Exercise description
The line containing "The Waal near Nijmegen", and every line after it to the end of the listing, should be repeated exactly; the pictures should not.

Data provided
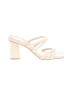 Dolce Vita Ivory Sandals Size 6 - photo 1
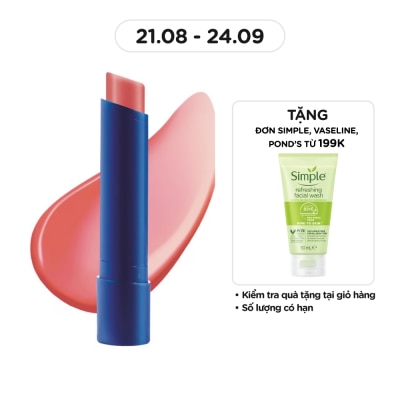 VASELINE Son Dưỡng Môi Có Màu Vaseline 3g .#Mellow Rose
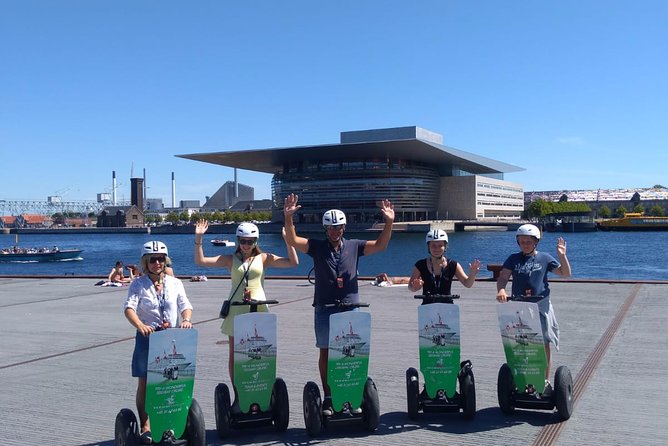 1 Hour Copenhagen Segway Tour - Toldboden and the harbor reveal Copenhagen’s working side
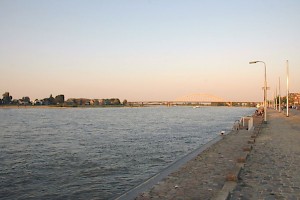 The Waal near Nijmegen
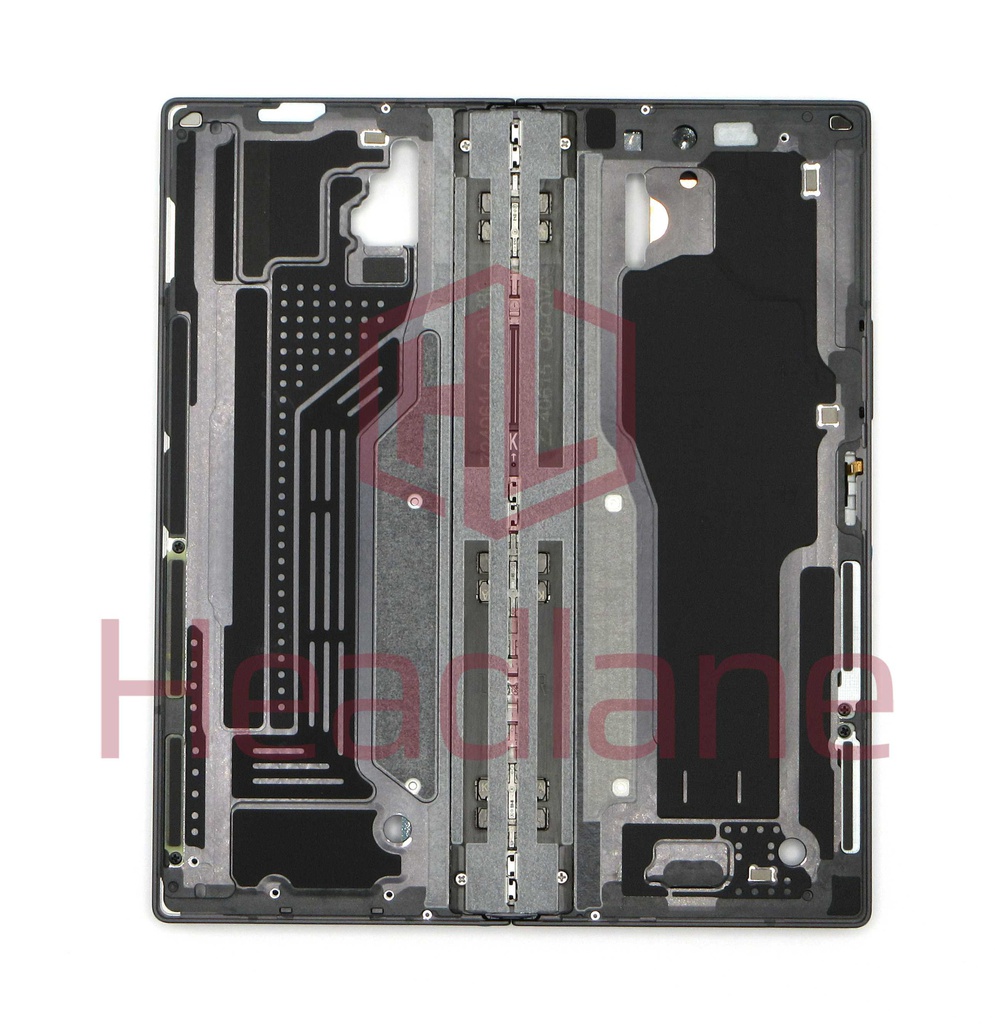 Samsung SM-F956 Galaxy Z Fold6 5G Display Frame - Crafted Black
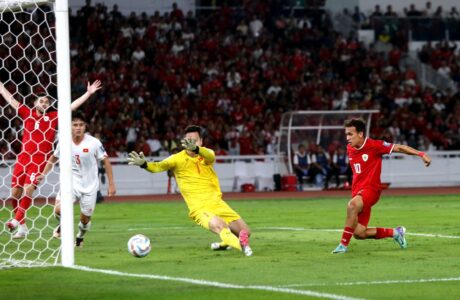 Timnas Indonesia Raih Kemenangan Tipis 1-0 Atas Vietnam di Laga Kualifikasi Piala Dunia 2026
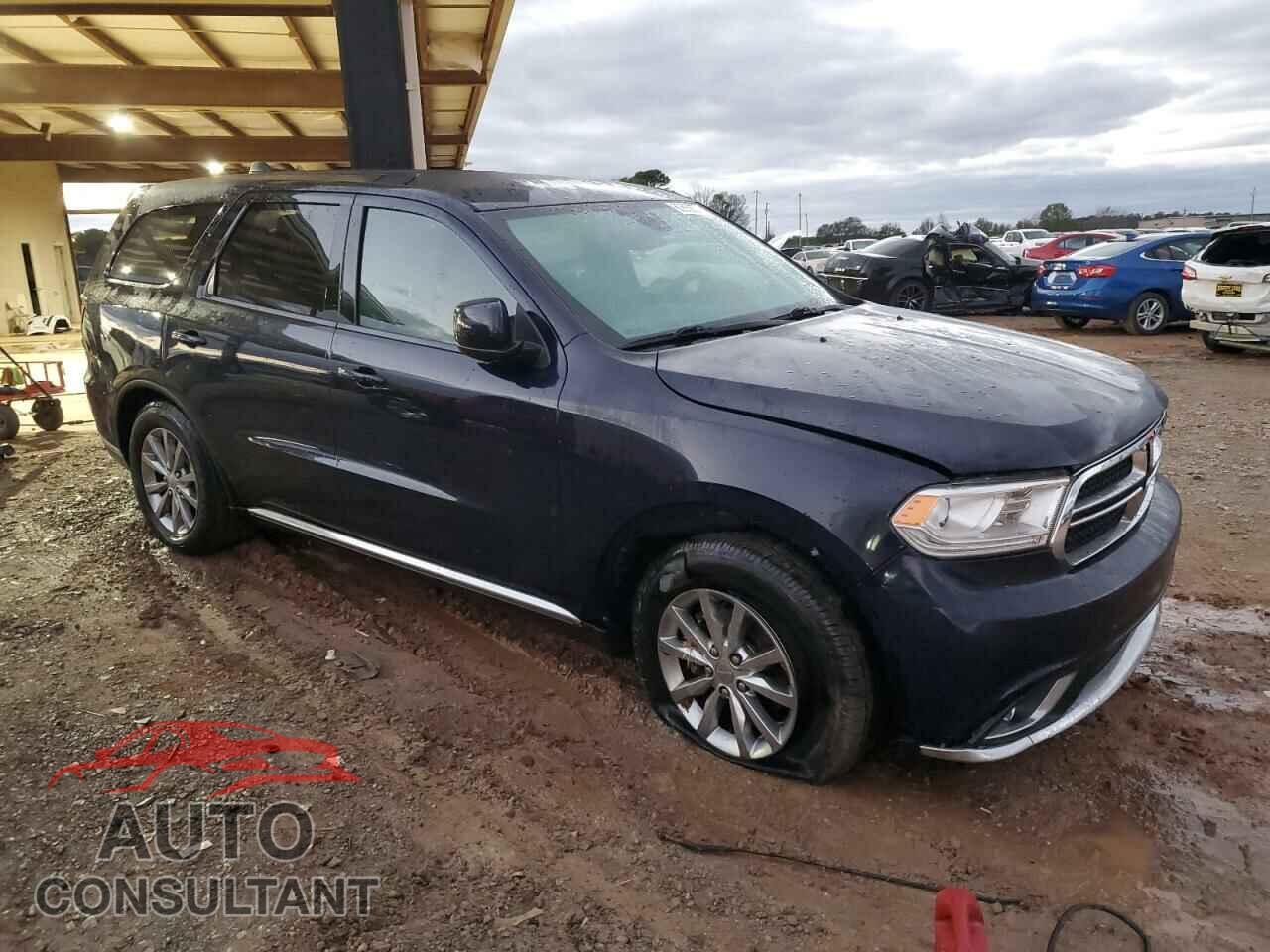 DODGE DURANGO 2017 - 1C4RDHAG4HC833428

Completed task
 The Waal near Nijmegen
 Samsung SM-F956 Galaxy Z Fold6 5G Display Frame - Crafted Black
 Timnas Indonesia Raih Kemenangan Tipis 1-0 Atas Vietnam di Laga Kualifikasi Piala Dunia 2026
 DODGE DURANGO 2017 - 1C4RDHAG4HC833428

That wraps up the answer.